This problem certainly has to do with presentation matrices, but I'm too confused. Let $A$ denote the matrix with rows $(1,1,1),(1,3,1),(1,1,5),(4,8,0)$. Then $A\mathbb Z^3=H$. So $A$ must be a presentation matrix for $\mathbb Z^4/H$ according to the definition from here (or from here, both of them agree with Artin's definition). So in the quotient module the relations $$v_1+v_2+v_3=0,\\v_1+3v_2+v_3=0,\\v_1+v_2+5v_3=0,\\ 4v_1+8v_2=0$$ hold. But then according to Artin's text, the matrix should be $3\times 4$, not $4\times 3$ (see Example 14.5.2 in this question). So what is the size of a presentation matrix in this case? My size doesn't agree with Artin's notation, even though I use his definitions and conventions.
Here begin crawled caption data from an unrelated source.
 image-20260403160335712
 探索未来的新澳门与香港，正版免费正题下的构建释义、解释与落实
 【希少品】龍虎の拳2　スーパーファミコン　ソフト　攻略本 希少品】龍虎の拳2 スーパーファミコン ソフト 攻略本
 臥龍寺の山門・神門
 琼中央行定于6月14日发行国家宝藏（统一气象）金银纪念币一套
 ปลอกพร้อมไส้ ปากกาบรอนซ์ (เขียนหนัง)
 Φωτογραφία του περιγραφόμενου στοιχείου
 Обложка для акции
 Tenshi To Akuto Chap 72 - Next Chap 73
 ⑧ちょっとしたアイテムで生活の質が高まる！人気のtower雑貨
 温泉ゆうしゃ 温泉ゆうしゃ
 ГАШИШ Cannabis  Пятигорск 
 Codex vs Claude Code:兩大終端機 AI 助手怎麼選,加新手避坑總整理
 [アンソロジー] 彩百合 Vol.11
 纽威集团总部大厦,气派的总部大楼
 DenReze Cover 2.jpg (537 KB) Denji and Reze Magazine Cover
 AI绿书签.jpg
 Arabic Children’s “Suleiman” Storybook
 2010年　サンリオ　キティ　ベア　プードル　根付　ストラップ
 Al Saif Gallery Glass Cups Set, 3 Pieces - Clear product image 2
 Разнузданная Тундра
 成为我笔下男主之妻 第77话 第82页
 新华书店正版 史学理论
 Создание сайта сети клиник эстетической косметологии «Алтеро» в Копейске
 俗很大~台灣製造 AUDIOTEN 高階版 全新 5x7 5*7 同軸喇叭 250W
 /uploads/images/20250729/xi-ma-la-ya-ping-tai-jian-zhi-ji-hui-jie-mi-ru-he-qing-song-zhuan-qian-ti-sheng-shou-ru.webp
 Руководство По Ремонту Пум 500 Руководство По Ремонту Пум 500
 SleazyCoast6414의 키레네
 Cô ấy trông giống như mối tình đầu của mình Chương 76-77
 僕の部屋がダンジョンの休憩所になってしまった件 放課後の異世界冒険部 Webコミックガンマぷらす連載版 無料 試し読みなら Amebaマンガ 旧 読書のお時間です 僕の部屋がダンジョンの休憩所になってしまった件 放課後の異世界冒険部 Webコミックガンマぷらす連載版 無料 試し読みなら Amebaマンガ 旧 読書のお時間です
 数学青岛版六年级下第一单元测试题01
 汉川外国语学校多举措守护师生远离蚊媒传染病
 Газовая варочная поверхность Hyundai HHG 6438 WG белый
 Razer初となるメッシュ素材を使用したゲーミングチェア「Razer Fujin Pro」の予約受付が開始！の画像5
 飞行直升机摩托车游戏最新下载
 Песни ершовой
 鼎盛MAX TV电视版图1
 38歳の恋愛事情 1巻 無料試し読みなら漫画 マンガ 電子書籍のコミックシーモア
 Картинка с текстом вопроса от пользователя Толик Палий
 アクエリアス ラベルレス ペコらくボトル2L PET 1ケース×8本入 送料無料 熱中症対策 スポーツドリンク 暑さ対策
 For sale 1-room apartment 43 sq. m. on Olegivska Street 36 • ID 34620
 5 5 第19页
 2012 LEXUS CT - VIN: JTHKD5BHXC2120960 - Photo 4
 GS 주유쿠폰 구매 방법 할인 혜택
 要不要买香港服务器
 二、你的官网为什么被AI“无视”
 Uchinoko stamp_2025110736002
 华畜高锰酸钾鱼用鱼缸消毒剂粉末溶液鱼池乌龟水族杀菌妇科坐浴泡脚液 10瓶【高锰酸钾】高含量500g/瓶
Example 14.5.2 The $\mathbb{Z}-$module or an abelian group $V$ that is generated by three elements $v_1, v_2, v_3$ with the compete set of relations

$$ 3v_1+2v_2+v_3=0\\ 8v_1+4v_2+2v_3=0\\ 7v_1+6v_2+2v_3=0\\ 9v_1+6v_2+v_3=0 $$

is presented by the matrix

$$ A=\begin{bmatrix} 3 & 8 & 7 & 9 \\ 2 & 4 & 6 & 6 \\ 1 & 2 & 2 & 1 \\ \end{bmatrix}. $$

Its columns are the coefficients of the (above) relations: $(v_1, v_2, v_3)A=(0, 0, 0, 0)$.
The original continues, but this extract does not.